(a) Except as provided below and otherwise specifically required by law, it shall be impossible by operation of the plan or of the trust agreement, by termination of either, by power of revocation or amendment, by the happening of any contingency, by collateral arrangement, or by any other means, for any part of the corpus or income of any trust fund maintained pursuant to the plan or any funds contributed thereto to be used for, or diverted to, purposes other than the exclusive benefit of members, former members, or their beneficiaries; and no funds of the system, whether in cash, securities, or otherwise, nor any income or yield thereof, shall be subject to or exacted on account of, any tax; and no retirement or disability allowance or right to return of contributions, or other benefits payable as set forth in the plan, shall be assignable or be subject to execution, levy, attachment, garnishment, or other legal process.
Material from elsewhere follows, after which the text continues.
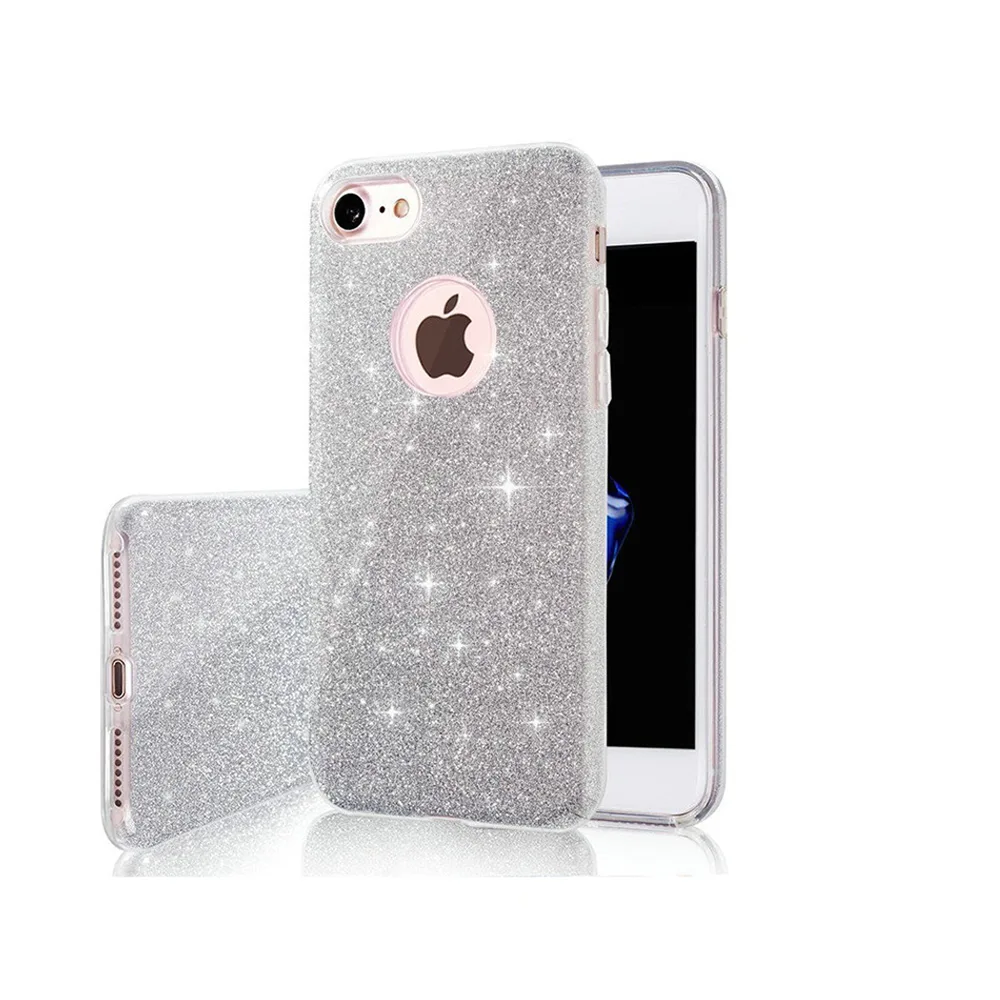 Glitter 3in1-fodral för iPhone 12 / 12 Pro 6,1" silver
Accordingly, the plan shall not recognize any domestic relations order attempting to provide a member’s benefits, or any portion thereof, to an alternate payee.
(b) In the event that the county shall make an excessive contribution under a mistake of fact, the pension board, or its agent, may demand repayment of such excessive contribution, and the trustees shall return such amount, adjusted for any income or loss in value so long as such amount is returned within one year of the date of the mistaken contribution. Notwithstanding the immediately preceding sentence, any such return shall be limited to an amount that, in the judgment of the pension board, would not cause the system to become actuarially unsound.
(c) In the event that the plan makes an overpayment to a member or beneficiary for any reason, such as, miscalculation of a pension benefit or payment prior to the time that the member or beneficiary was entitled to payment, the pension board may elect to offset future pension payments until such overpayment has been recouped by the trust fund. However, once a distribution has been made to a member or beneficiary, neither shall be allowed to voluntarily elect to repay the distribution to the plan.
(d) Subject to applicable law, no person shall be entitled to receive a deferred pension if his or her separation from the service from the county is due to his or her misappropriation of funds or property of the county, or to moral delinquency on his or her part.
(e) Subject to applicable law, if the board finds that a member’s service is terminated by resignation or discharge, or otherwise, as a consequence of such member’s dishonesty in handling the monies or property of the county or any department thereof, the member shall not be entitled to any retirement or disability benefit, but he or she shall upon application therefor be paid a refund of the full amount of his or her employee contributions, less any benefits previously paid to him or her.
(f) Subject to applicable law, a member's or beneficiary's benefit may be offset for obligations to the county, the pension board, or the trust fund.